De acordo com ele, três anos após o incêndi, ainda foram encontrados restos humanos no terreno, apesar de todo o esforço dos militares para apagar os vestígios das mortes.
Inferno
As cenas dantescas presenciadas por quem acompanhou o rescaldo do incêndio dão a ideia do inferno vivido pelos moradores. Famílias carbonizadas foram encontradas abraçadas dentro das casas, corpos de pessoas que tentaram diminuir a intensidade da dor provocada pelas queimaduras, e se atiraram na água do mangue, tiveram parte dos membros inferiores derretida pela chama da gasolina — que também ardia ali.

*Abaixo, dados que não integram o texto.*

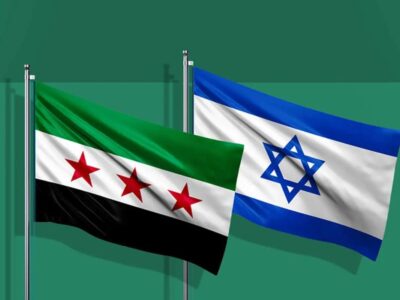 اعلام شرط اصلی سوریه برای پایان مذاکرات / ارتفاعات جولان واگذار میشود؟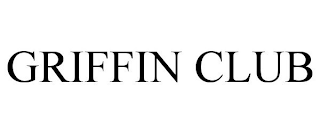 GRIFFIN CLUB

Um feto visto na barriga da mãe também chocou quem foi à Vila Socó.
O repórter da Rede Globo Tonico Ferreira foi um dos que cobriram a tragédia para o telejornal da emissora. Ele recorda a indignação que sentiu e deixou transparecer durante a entrevista coletiva com o representante da Ciesp, o Centro das Indústrias de São Paulo em Cubatão, Nei Serra, logo após a tragédia.
“Fiquei com muita raiva. Queria pegar o microfone e bater nele. Perdi o distanciamento de repórter”, afirma. Santista, ele conta que já tinha feito uma série de entrevistas com Serra sobre o risco de acidentes na área, mas que o empresário sempre negava essa hipótese.
Tonico explica que governo e indústrias não se preocupavam com a questão ambiental nesse período. “Os militares diziam que isso era assunto de país rico. Era essa a mentalidade na época. Eles nunca ouviram a população. Não havia conselhos populares. Essa foi a base do acidente da Vila Socó”, reforçou o repórter, na audiência pública sobre os 30 anos da tragédia, que ocorreu na quarta-feira, 11, na Assembleia Legislativa, durante o encontro da Comissão Estadual da Verdade de São Paulo.
Crime social
Como a tragédia aconteceu no período previsto pela investigação dos crimes da ditadura, a Comissão Paulista da Verdade também atuará para desvendar esse episódio.
O deputado Adriano Diogo (PT-SP), que preside a Comissão, vai solicitar informações junto aos órgãos envolvidos no caso, como Petrobras, Prefeitura de Cubatão, IML e Serviço Funerário.
O parlamentar informa que os dados obtidos também serão repassados à Comissão Nacional da Verdade, para serem anexados ao relatório final do grupo.
“Fará parte do capítulo sobre as empresas, para demonstrar como estas agiam durante a ditadura. Tem muita coisa a ser apurada, essa história não foi concluída”, ressalta Adriano.